Discussion in 'App Development' started by nooby_mcnoob, Apr 30, 2019.

  1. R1234

    R1234

    Gotta vectorize. I did an initial backtest in Python with lots of large dataframes using looping. That took almost an hour to complete.

    Then I vectorized everything and it ran in 4 minutes.
     
    #11     Apr 30, 2019
    nooby_mcnoob likes this.
  2. d08

    d08

    Depends how you loop. Sounds like you were using iterrows instead of itertuples or iteritems. iterrows requires typing of every item and that's ridiculously slow.
     
    #12     Apr 30, 2019
    quant1 likes this.
  3. I don't use iterrows but nice to learn about itertuples!
     
    #13     Apr 30, 2019
  4. Nice post on the performance differences with various options. Not sure why itertuples isn't there:

     
    #14     Apr 30, 2019
  5. fan27

    fan27

    I don't have anything to add that is python specific. I find optimizing code one of the great joys of programming. First, I never optimize unless I find my self saying..."This is slow. This is painful!" So first, there must be pain. Next, I will look for obvious performance bottle necks. If after that I am still feeling pain, I will start to question my original design, sometimes puzzling for days over the problem. The key is you have to be willing to scrap code already written. I once had to optimize some javascript (Node.js) code and I said to the product owner we need to rewrite the entire application in GoLang and it would take 9 months. Of course I was joking...he was not amused.
     
    #15     Apr 30, 2019
    d08 and nooby_mcnoob like this.
  6. Haha go and nodejs.
     
    #16     Apr 30, 2019
  7. quant1

    quant1

    See how you feel after backtesting a strategy on a day's worth of raw NASDAQ feed.

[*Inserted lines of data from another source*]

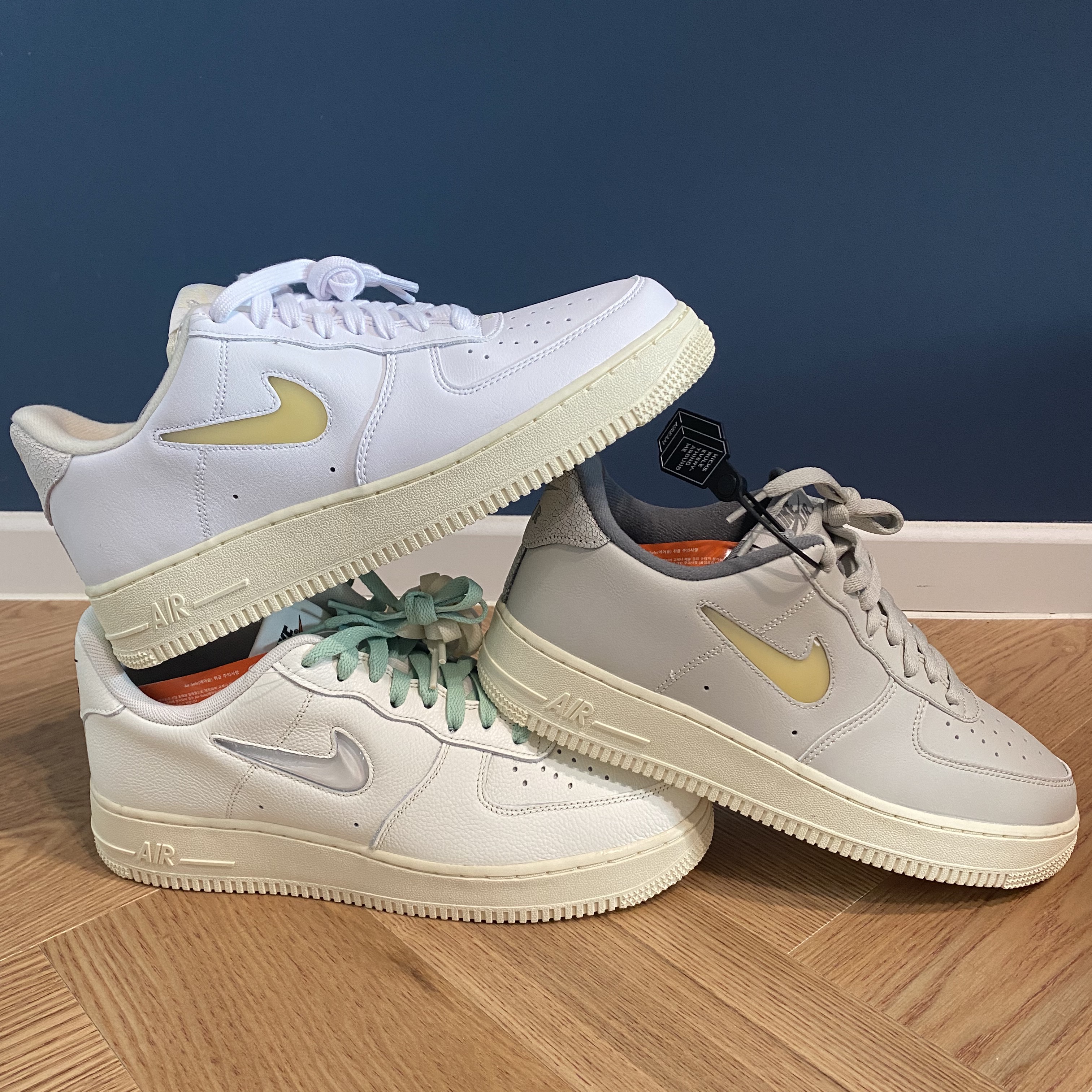 Nike Air Force 1 '07 PRM Vintage Sail, Nike Air Force 1 '07 LX Pale Vanilla 착용 스타일 - 1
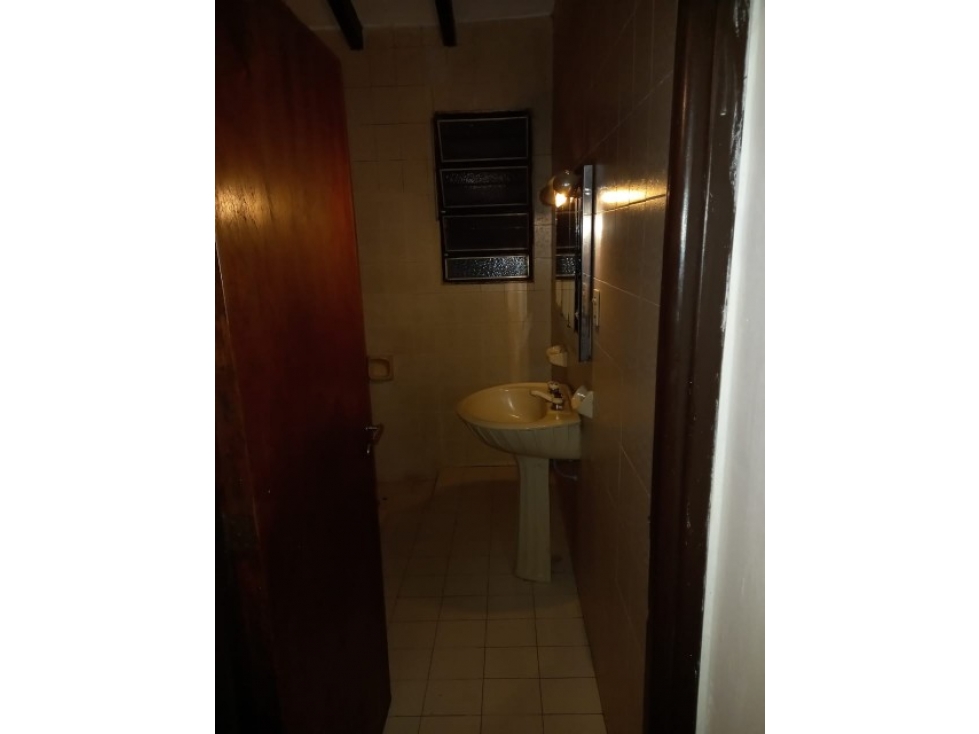 CASA EN VENTA A RECICLAR ZONA CENTRO — foto 6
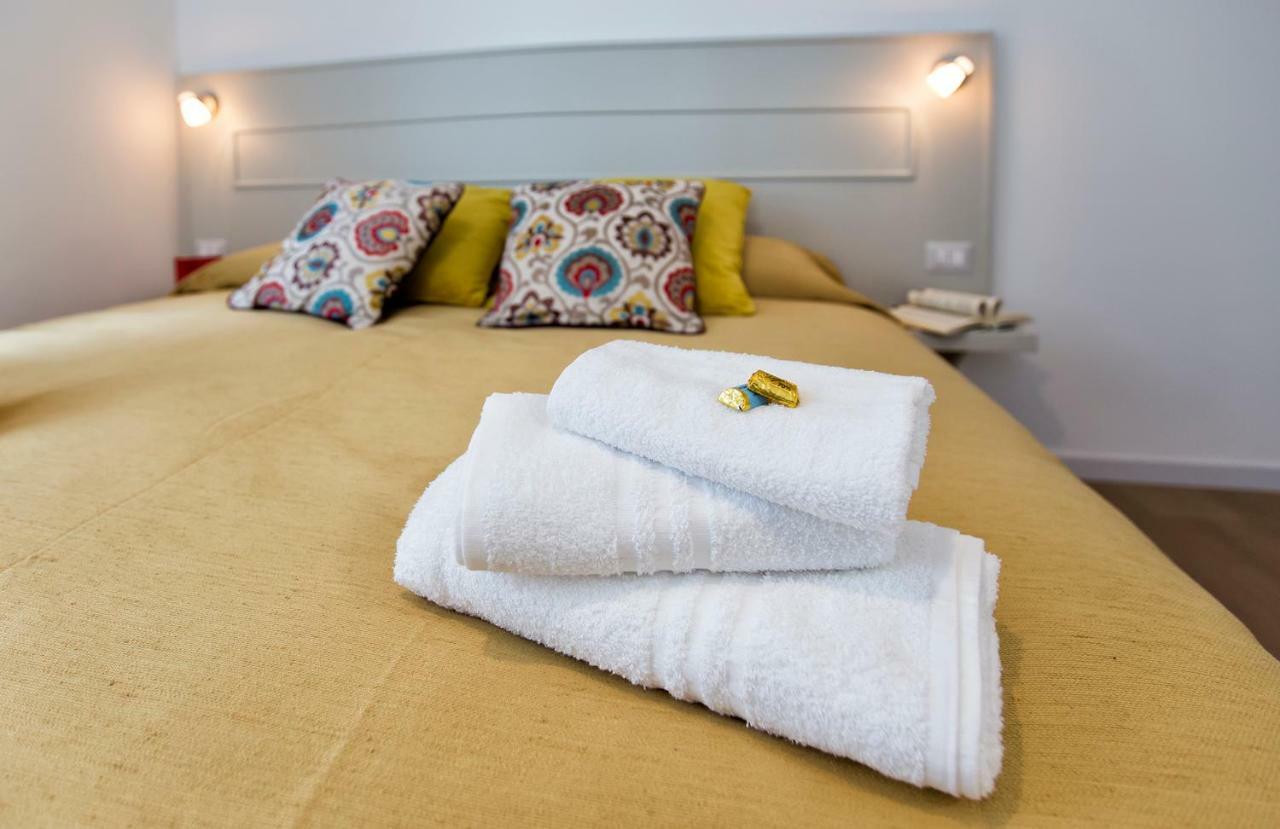 Jolie Julie Accomodation Sassari Ngoại thất bức ảnh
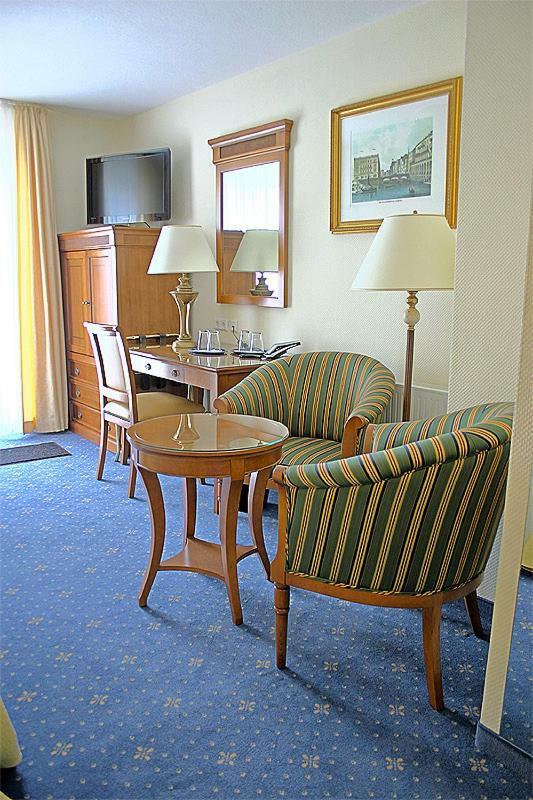 Hotel Zur Schwaben-Schaenke Renningen Esterno foto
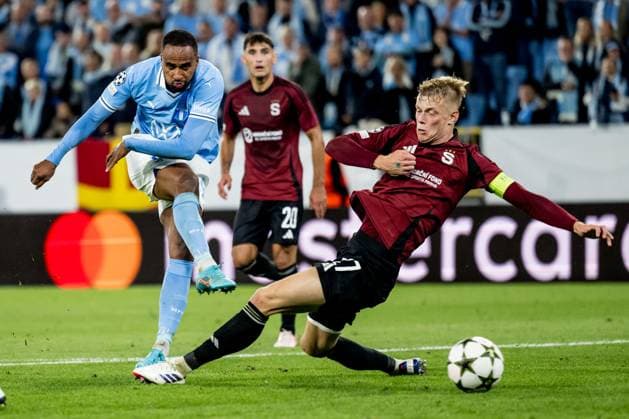 240821 Isaac Kiese Thelin of Malmö FF and Filip Panak of Sparta Prague during the UEFA Champions League football match between Malmö FF and Sparta Prague on August 21, 2024 in Malmö Photo Christoffer Borg Mattisson BILDBYRAN COP 261 CO0456 fotboll football soccer fotball champions league malmö ff sparta prag bbeng play off  Copyright: CHRISTOFFERxBORGxMATTISSON BB240821CB033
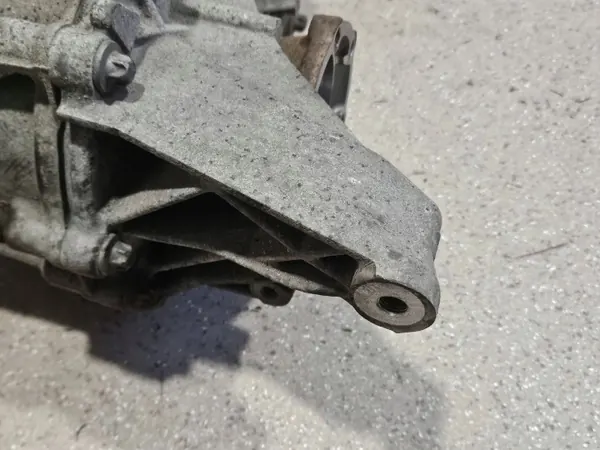 Différentiel arrière OEM 0G2500043B pour Audi Q7 4M image 8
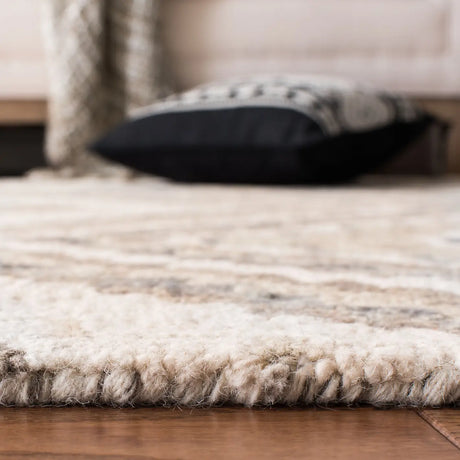 Safavieh Aspen 4'-0" x 6'-0" Rug in Taupe / Ivory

    OP, I use pandas extensively for backtesting and it certianly helps circumvent the shortcomings of Python. The process you outlined above is a sinple and effective workflow.
     
    #17     Apr 30, 2019
    nooby_mcnoob likes this.
  8. I've been thinking of keeping bid/ask data around for experimentation. Grows at the rate of 1G per week. Should do it...
     
    #18     Apr 30, 2019
  9. IAS_LLC

    IAS_LLC

    If speed is your biggest concern....checkout dask and/or pytorch. Vectorization on crack....if you have a Nvidia cuda enabled gpu.

    Dask distributed is also nice, If you want to split your work across multiple machines.
     
    #19     Apr 30, 2019
    nooby_mcnoob and d08 like this.
  10. Not so far... But good to know about it, thanks!
     
    #20     May 1, 2019